The court concluded, "The potential that individual attorneys may violate the duty of loyalty, from time to time, does not make the practice generally unethical, as long it is reasonable to believe that the vast majority of attorneys will fulfill their ethical obligations. In the context of collaborative law, the tension between the interests is not unreasonable."
Read the Missouri Formal Opinion 124 online (last visited September 9, 2009 bgf)
For an article summarizing the ethical issues and positions on collaborative law practice, see Barbara Glesner Fines, The Ethics of Collaborative Lawyering, Journal of the American Academy of Matrimonial Lawyers, Vol. 21, p. 141, 2008 Available online at SSRN (last visited September 10, bgf)
Saturday, August 9, 2008
The Missouri Bar Family Law Conference this week hosted a session explaining Missouri's new Supreme Court rule on unbundling of legal services.

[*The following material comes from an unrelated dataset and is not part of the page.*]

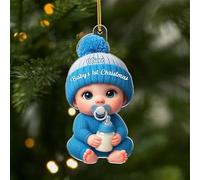 Personal Chic Personalised Acrylic Ornament - Baby's First Christmas - Baby bump christmas bauble, Christmas hanging decor, Babies 1st, Newborn babies, Personalised decorations (Boy #3)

The rule provides for express approval of attorney provisions of limited task representation and provides, in the comments, a helpful form for obtaining the client's informed consent to the limited representation. The rule, the product of a multi-year process examining unbundling, is not limited to family law representation, but many task forces and commentators have suggested that family law is the area of practice in which unbundling will have the greatest impact, especially, as an adjunct to mediation.
Read the Missouri Supreme Court's order amending Rule 1.2 (July 1, 2008) (last visited August 8, 2008 bgf)
Faculty may also find helpful the hour free video on Expanding Your Practice by Offering Limited Scope Legal Services: A "Hands On" Family Law Workshop produced by the Practicing Law Institute.
Tuesday, January 8, 2008
Case Law Development: Divorce Litigant's Threats to Kill Judge and Attorneys Not Protected by Attorney-Client Privilege
This case is a window on the divorce attorney's worst nightmare - the client who threatens violence in retaliation for divorce. A divorce attorney heard her client make repeated threats to kill the judges and opposing counsel. The content of the statements is detailed in the opinion. She tape recorded one of these phone messages and called the police. This case would be provide a useful "how would you handle it?" class discussion.
In the subsequent criminal action for threatening a judge, the trial court ruled that "because Defendant did not make the threats to his attorney for the purpose of facilitating the rendition of professional legal services said statements were not covered by the attorney-client privilege." The Utah Court of Appeal's affirmed on the alternative ground of waiver, finding that because client's defense counsel stipulated to admission of the divorce attorney's testimony and the tape recorded conversation, defendant had waived the attorney-client privilege.
(The central issue in the case was whether the threats need to have been communicated to the judge in order to violate the statute. The court holds that they do not.)
Utah v. Jeffrey K. Johnson, 2008 UT App (January 4, 2008)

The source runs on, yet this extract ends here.